_YOUR INSTRUCTIONS:_ Repeat the listing below word for word, minus the pictures.

_DATA SEGMENT:_
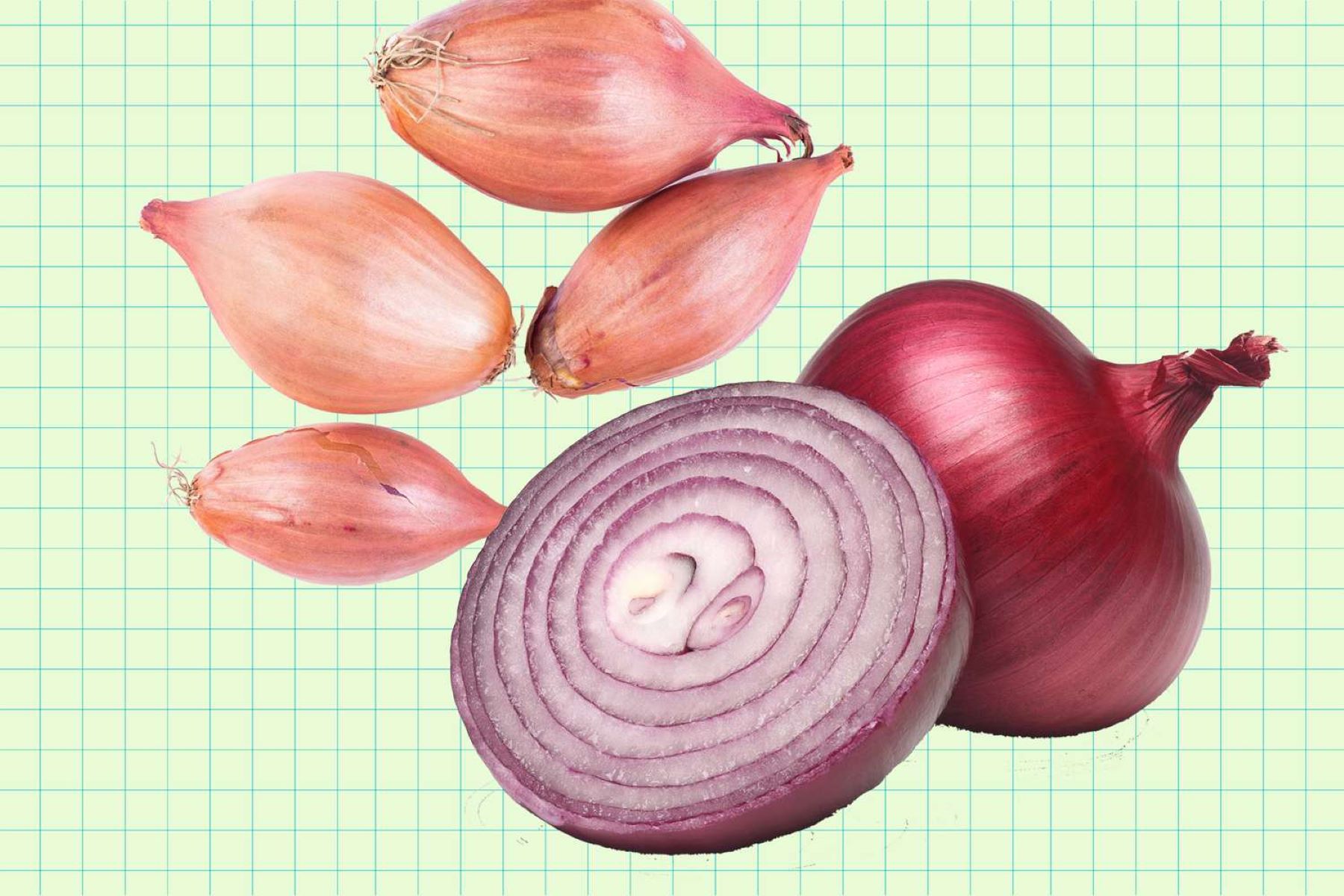 Shallots Vs Onions: The Ultimate Recipe Swap!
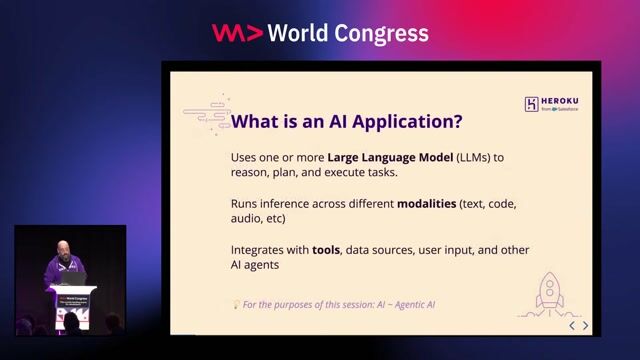 Building AI Applications with LangChain and Node.js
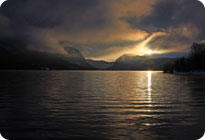 Apartmani �tros Fanika, Stara Fu�ina - Bohinj - Slovenija - apartmani, smje�taj, sobe
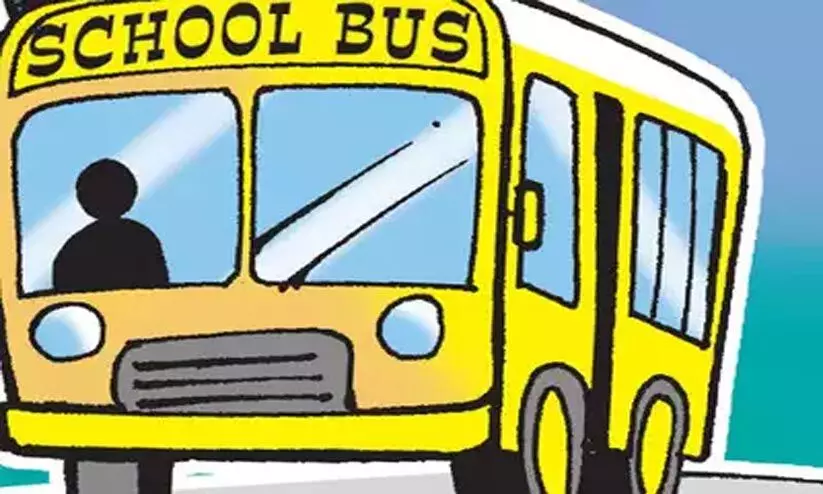 school bus service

_EXERCISE SOLUTION:_
 Shallots Vs Onions: The Ultimate Recipe Swap!
 Building AI Applications with LangChain and Node.js
 Apartmani �tros Fanika, Stara Fu�ina - Bohinj - Slovenija - apartmani, smje�taj, sobe
 school bus service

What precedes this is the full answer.